Norway: Split VAT treatment required for data center services provided to foreign customers with customer-owned servers (Tax Appeals Board decision)
Norwegian VAT treatment of planned data center services sold to foreign business customers with no establishment or business activity in Norway
Norway’s independent administrative tax appeals board (Skatteklagenemnda) on March 12, 2026, published its decision in Case SKNS1-2020-134, in which it reviewed a binding advance ruling regarding the Norwegian value added tax (VAT) treatment of planned data center services sold to foreign business customers with no establishment or business activity in Norway.
The company planned to host customers’ customer-owned servers in Norway and keep them running with high uptime by providing specialized premises, power (billed separately based on actual consumption), cooling, network connectivity, physical security, fire protection, and monitoring/operations support.
The company argued that customers bought one integrated “data center operations service” and that Norway should treat the entire package as zero-rated export of services under section 6-22 of the VAT Act. This provision removes Norwegian VAT when:
- The service qualifies as remote deliverable (meaning the service, by its nature, does not tie to a specific physical place) and the recipient operates outside Norway, or
- The service serves exclusively for use outside Norway.
The tax office, and later the secretariat, rejected the “single service” view and treated the arrangement as separate elements that customers can buy and price independently (for example, server hosting/physical storage in Norway and electricity), even if the elements together support uptime. They also relied on prior practice (including BFU-2012-25) that typically splits remote deliverable information technology (IT) operations from place-bound hosting and physical handling.

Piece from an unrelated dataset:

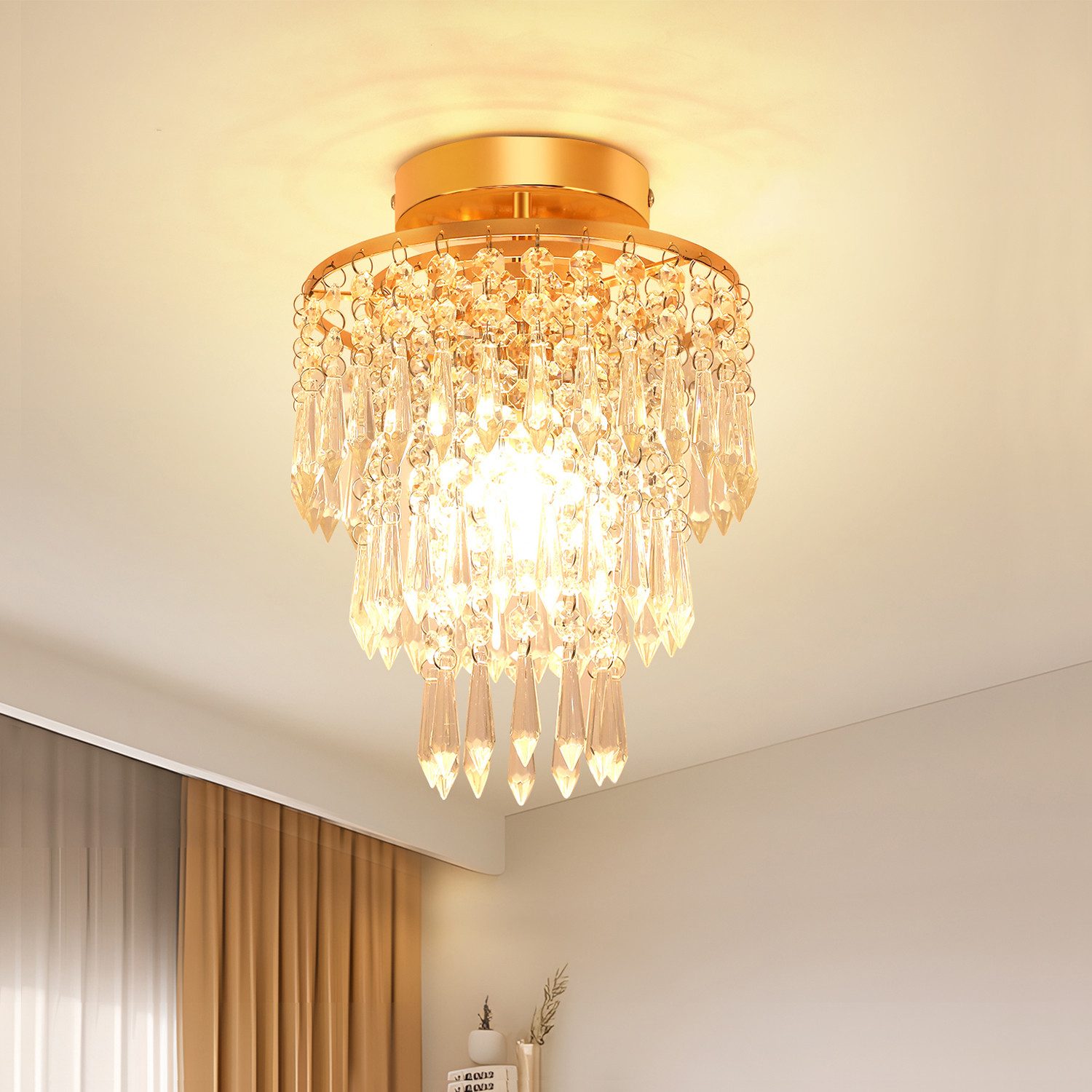 oyajia Deckenleuchte Goldene Edelstahl Kristall Kronleuchter Deckenlampe, E14 Lampenfassung, LED wechselbar, Ø20x28cm Chrom-Stil Deckenleuchte, für Schlafzimmer, Flur, Esszimmer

The Tax Appeals Board agreed with the secretariat and denied the appeal. The decision required the company to split the transaction and apply VAT based on each element’s nature: it can treat genuinely remote deliverable digital operations/monitoring as zero-rated when sold to qualifying foreign business customers, but it must treat physical hosting/storage and other place-bound services performed and used in Norway as VAT-taxable.
KPMG observation
The case highlights that the VAT treatment of bundled transactions (in this case data center operations services) must be carefully reviewed on a case-by-case and country-by-country basis. Businesses should design agreements, service descriptions, and invoice line structures in line with economic realities to support their position.